Trust and safety (TNS) is crucial for online platforms like Tinder, which faces various forms of harmful content. Generative AI poses new challenges and opportunities for TNS, including the rapid spread of misinformation and the proliferation of scams but also offers advancements in detecting violations through fine-tuned large language models (LLMs). By leveraging LLMs, Tinder can efficiently detect and mitigate harm at scale, creating a safer user experience.
Tinder's TNS Challenges
• 00:01:50 Tinder, as the world's largest dating app, experiences a wide range of harmful content, including social media links in profiles, hate speech, harassment, and scams. These violations are diverse, with some being more prevalent but less harmful (e.g., social media links), while others are less frequent but pose a greater risk (e.g., hate speech).
Generative AI's Impact on TNS
• 00:02:28 Generative AI presents challenges to TNS through the rapid creation of harmful content, including misinformation, propaganda, and spam. The accessibility of deepfake technology increases the risk of impersonation and catfishing, while generative AI can also be used to scale up organized spam and scam operations. Platforms may face copyright issues due to the increased use of generative AI tools.
LLM Opportunities for TNS
• 00:03:54 Pre-trained LLMs provide a strong foundation for building TNS solutions, possessing latent semantic capabilities and global language coverage. Fine-tuning these models achieves state-of-the-art performance in detecting violations in text, often exceeding the capabilities of closed-source models like GPT-4. The open-source community provides tools and libraries that simplify the fine-tuning process, accelerating model development from months to weeks.

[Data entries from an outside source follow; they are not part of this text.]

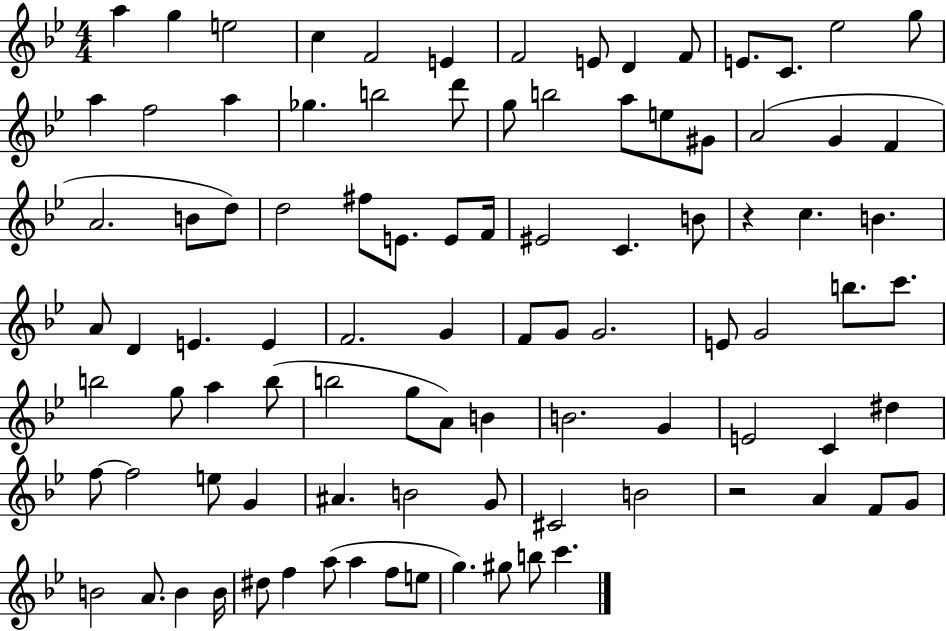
{
  \clef treble
  \numericTimeSignature
  \time 4/4
  \key bes \major
  a''4 g''4 e''2 | c''4 f'2 e'4 | f'2 e'8 d'4 f'8 | e'8. c'8. ees''2 g''8 | \break a''4 f''2 a''4 | ges''4. b''2 d'''8 | g''8 b''2 a''8 e''8 gis'8 | a'2( g'4 f'4 | \break a'2. b'8 d''8) | d''2 fis''8 e'8. e'8 f'16 | eis'2 c'4. b'8 | r4 c''4. b'4. | \break a'8 d'4 e'4. e'4 | f'2. g'4 | f'8 g'8 g'2. | e'8 g'2 b''8. c'''8. | \break b''2 g''8 a''4 b''8( | b''2 g''8 a'8) b'4 | b'2. g'4 | e'2 c'4 dis''4 | \break f''8~~ f''2 e''8 g'4 | ais'4. b'2 g'8 | cis'2 b'2 | r2 a'4 f'8 g'8 | \break b'2 a'8. b'4 b'16 | dis''8 f''4 a''8( a''4 f''8 e''8 | g''4.) gis''8 b''8 c'''4. | \bar "|."
}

LLM-based TNS Implementation
• 00:05:38 The process starts with creating a high-quality training dataset, which can be assembled manually or through a hybrid process combining LLMs and internal analytics data. Fine-tuning LLMs allows for full control over model weights and facilitates adaptability to evolving harmful content. Productionizing these models using LoRA and Lorax enables efficient inference at scale, with low marginal costs for deploying new adapters.
Future of LLM-based TNS
• 00:13:27 Future efforts focus on incorporating non-textual modalities like images using visual language models for TNS. The goal is to rapidly train adapters for various TNS violations, automating training and retraining pipelines with AI-in-the-loop. Leveraging Lorax ensures efficient inference for new adapters, ultimately building a robust defense against harm and improving the safety and health of the platform.